REPUBLIKA.CO.ID, JAKARTA — Perdana Menteri Israel, Benjamin Netanyahu saat ini berada dalam keadaan ketakutan yang luar biasa. Apalagi jika Mahkamah Pidana Internasional atau ICC, benar-benar mengeluarkan surat perintah penangkapan terhadap dirinya.
Karenanya Netanyahu telah melakukan berbagai usaha diplomatik dan meminta bantuan kepada Presiden Amerika Serikat, Joe Biden. Melalui rekan sekutunya, Netanyahu berharap, kali ini pun dia bisa terhindar dari penangkapan tersebut.
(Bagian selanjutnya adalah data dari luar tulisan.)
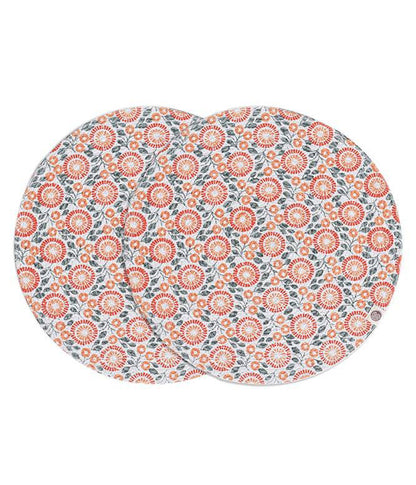 Tangerine Round Mat - set of 2 - TGW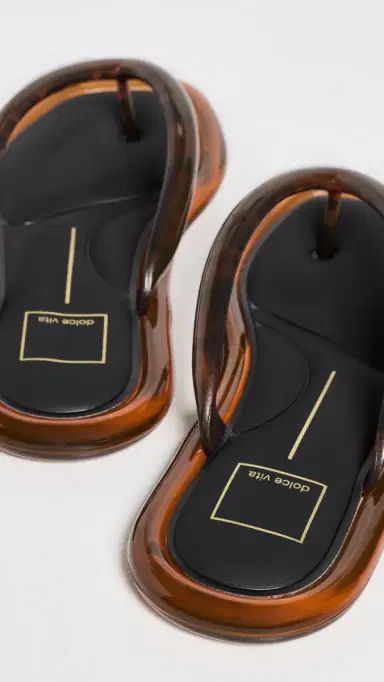 Dolce Vita Jozey Jelly Flip Flops Tortoise 9 | Thumbnail 4 Dolce Vita Jozey Jelly Flip Flops Tortoise 9 | Thumbnail 4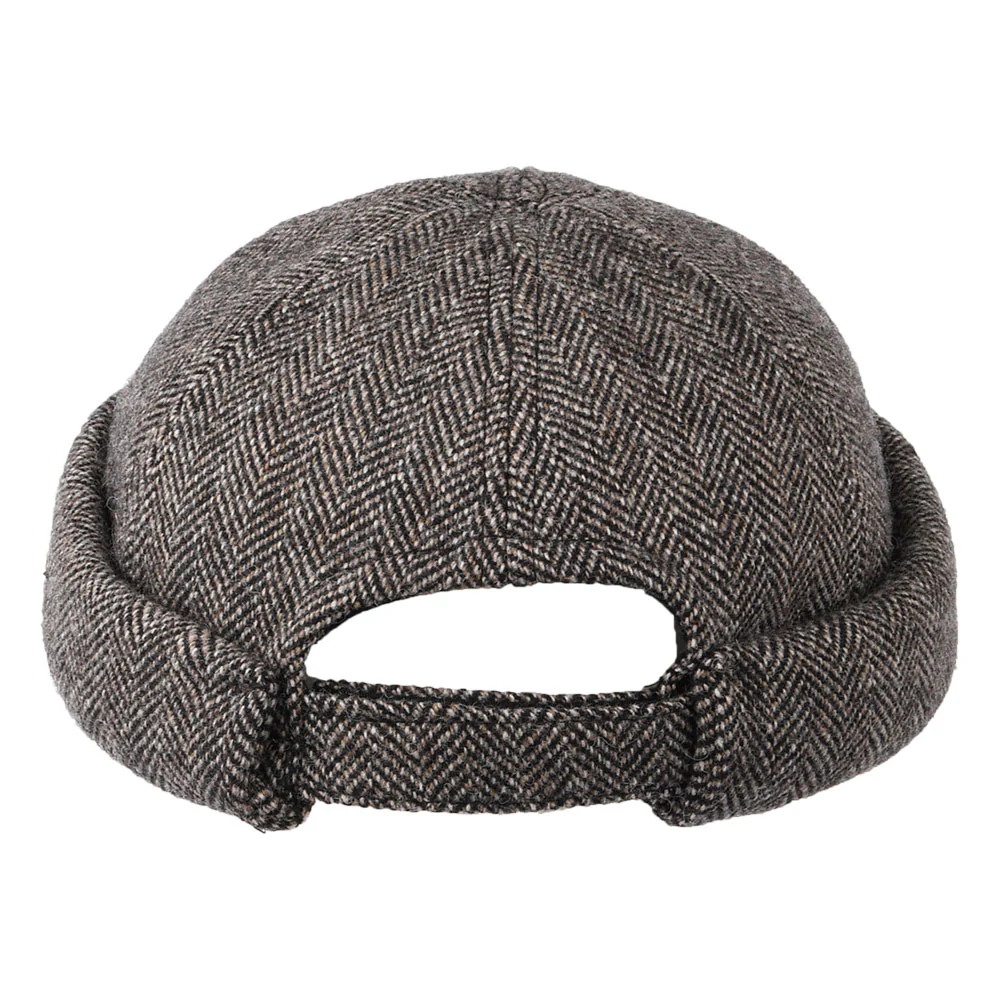 Stetson Docker Beanie Mütze mit Fischgrätmuster aus Wolle - Grau-Schwarz - Image 3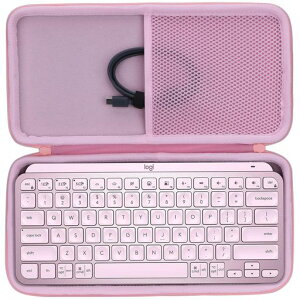 Lebakort���[�P�[�X�ƌ݊����̂���Logicool(���W�N�[��) MX keys mini�L�[�{�[�h KX700 ���C�����X �L�[�{�[�h (�s���N �P�[�X)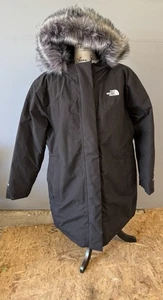 North Face Women’s Black Full Zip 600 Arctic Parka Jacket Faux Fur Hood - 3X - Bild 1 von 8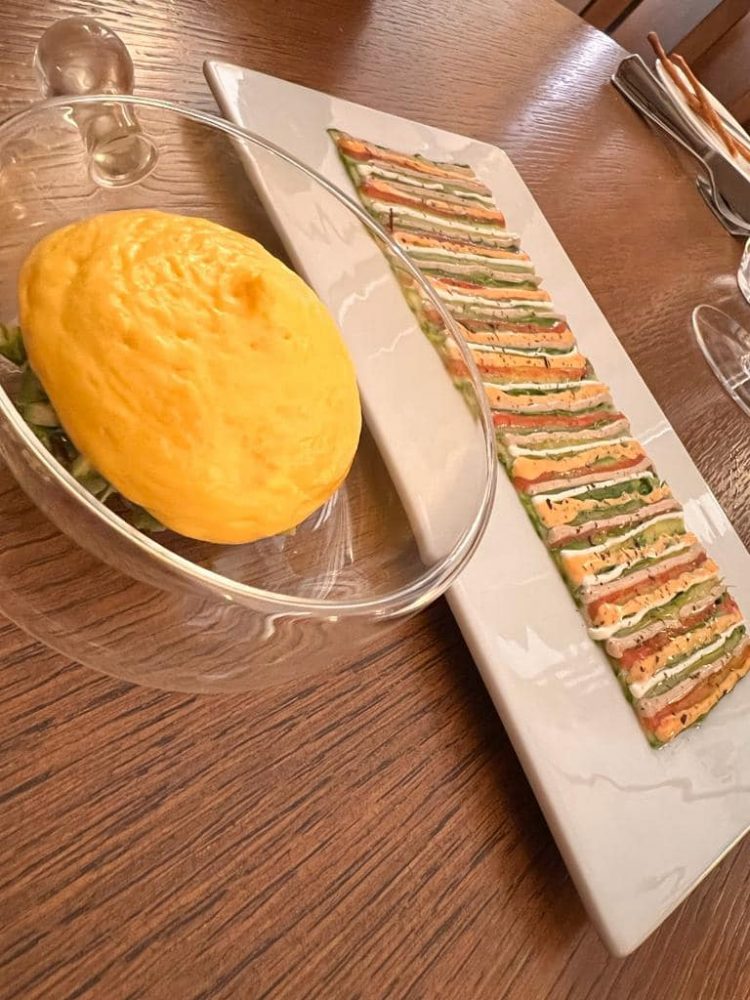 L’Alchimia - Carpaccio di asparagi con salsa alla Harris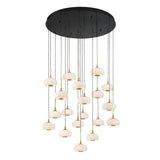 Lanterns Glass 19 Light Round LED Chandelier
“MUI mendesak ICC agar berani dan tidak mengenal istilah takut untuk menegakkan keadilan karena kejahatan kemanusiaan yang dilakukan oleh Benyamin Netanyahu ini sudah benar-benar luar biasa biadabnya,” tutur Wakil Ketua Umum MUI, Anwar Abbas dalam keterangan tertulisnya kepada Republika.co.id, Jumat (3/5/2024).
Sejak serangan pada Oktober 2023 lalu jumlah korban meninggal di Palestina mencapai 34 ribu jiwa dengan kirban luka mencapai 76.465 orang. Banyak korban meninggal dan luka adalah perempuan dan anak-anak.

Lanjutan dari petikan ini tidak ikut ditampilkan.